We (Africans) operate with a scarcity mentality, always worrying about what could go wrong. What if I lose my job and I don’t have my own house? Society has preconditioned us to think that land ownership is the only key to wealth.
Now, what if that typical Kenyan was to start a small value-additional factory and take advantage of Africa’s growing consumer appetite. And grow it into a multi-million venture?
What if the guy you gave 100 million shillings was wise enough to set up an FMCG factory that employs thousands. He could even end up building a house worth billions a few years down the line…and create employment in the course of doing that.
I want to challenge you to look around you. How many products are you using that are made in Africa? Your watch is Swiss-made, your car is from Japan, laptop from USA, clothes from Turkey and body lotion is from West Europe.
To make matters worse, even the Made in Africa products we have are made from factories that are not owned by African’s themselves.
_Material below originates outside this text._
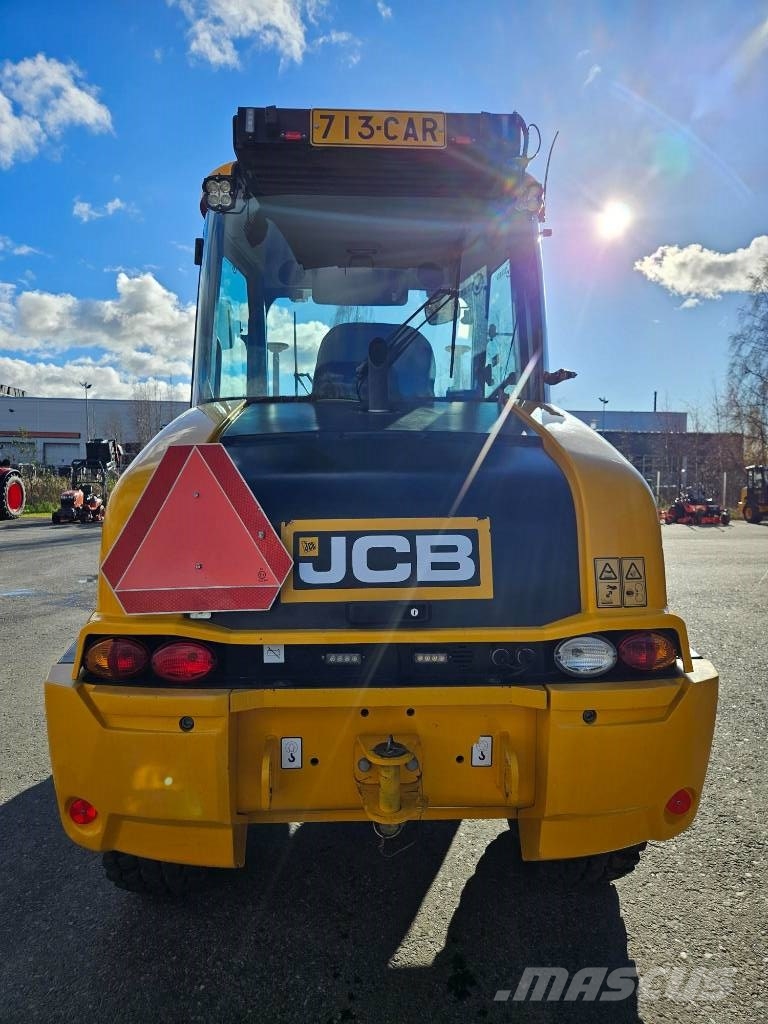 JCB 409 Pale gommate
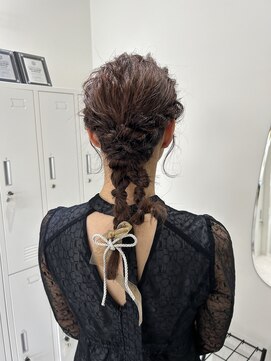 ジーナ 福岡天神(Zina) 《福岡天神》ヘアセット 編み下ろし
It is not that Africans don’t have the money to invest in startups. It is just that we all suffer from the “scarcity mentality”.
Change your mindset and adapt to the realities of modern living. Gone are the days when land was the only good investment you could make. Make refined investment decisions that help you make the most out of your available funds.
Stop operating from a position of lack. Instead start thinking from a position of abundance.
It is high time we learn the dos and don’ts of successful living.
Successful people see opportunities where unsuccessful people see obstacles.
Savvy investor see potential growth where everyone else sees potential loss.
As you sit down there focusing on risks, successful people are out there focusing on rewards.
Make a choice on who you want to be in life and most importantly be sure to dodge the two traps discussed above.